Toby Zinman's night job since 2006 is theater critic for the Inquirer where she reviews New York and London as well as Philadelphia. Her day job: Prize-winning prof at UArts, author of five books about modern and contemporary drama, and doer of scholarly deeds (winner of five NEH grants, Fulbright lecturer at Tel Aviv University, visiting professor in China). She was recently named by American Theatre magazine "one of the twelve most influential critics in America."

Wendy Rosenfield has written freelance features and theater reviews for The Inquirer since 2006. She was theater critic for the Philadelphia Weekly from 1995 to 2001, after which she enjoyed a five-year baby-raising sabbatical. She serves on the board of the American Theatre Critics Association, was a participant in the Bennington Writer's Workshop, a 2008 NEA/USC Fellow in Theater and Musical Theater, and twice was guest critic for the Kennedy Center American College Theater Festival's Region II National Critics Institute. She received her B.A. from Bennington College and her M.L.A. from the University of Pennsylvania. She also is a fiction writer, was proofreader to a swami, publications editor for the Women's International League for Peace and Freedom, and spends all her free time working out and driving people places. Follow her on Twitter @WendyRosenfield.

Jim Rutter has reviewed theater for The Inquirer since September, 2011. Since 2006, he covered dance, theater and opera for the Broad Street Review, and has also written for many suburban newspapers, including The Main Line Times. In 2009, the National Endowment for the Arts awarded him a Fellowship in Arts Journalism. Thames & Hudson released his updated and revised version of Ballet and Modern Dance in June, 2012. From 1998 to 2005, he taught philosophy and logic at Drexel, and then Widener University. He also coaches Olympic Weightlifting for Liberty Barbell, and has competed at the national level in that sport since 2001.

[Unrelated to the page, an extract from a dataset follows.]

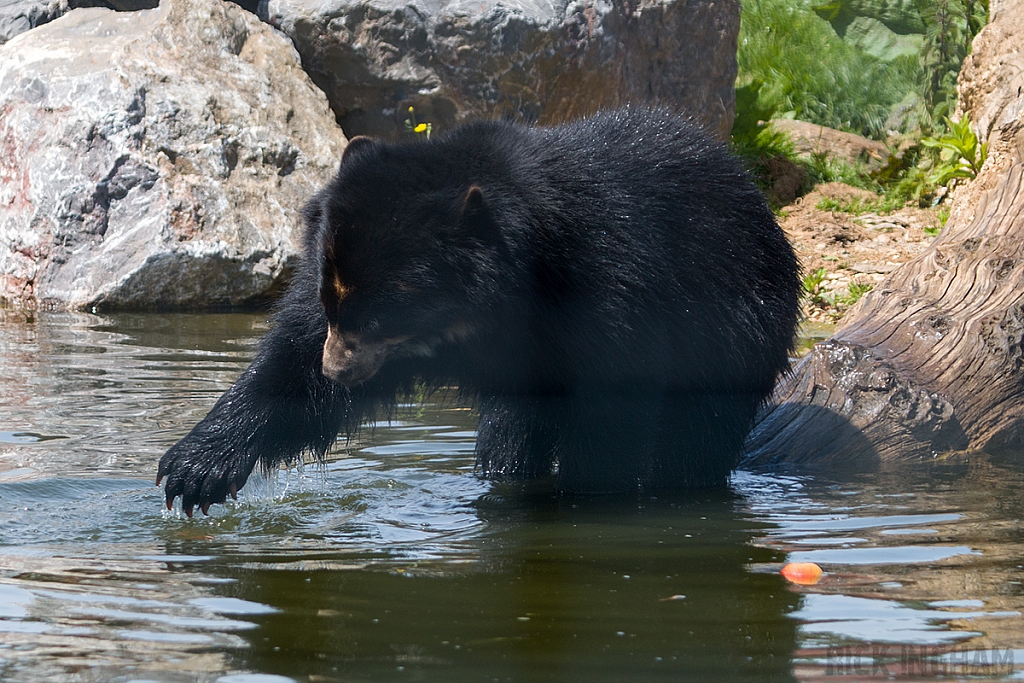 Spectacled Bear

Merilyn Jackson regularly writes on dance for The Inquirer and other publications. She specializes in the arts, literature, food, travel, and Eastern European culture and politics. In 2001, she was dance critic in residence at the Festival of Contemporary Dance in Bytom, Poland; in 2005, she received an NEA Critics’ Fellowship to Duke University’s Institute for Dance Criticism. She likes to say that dance was her first love but that when she discovered writing she began to cheat on dance. Now that she writes about dance, she’s made an honest woman of herself, although she also writes poetry.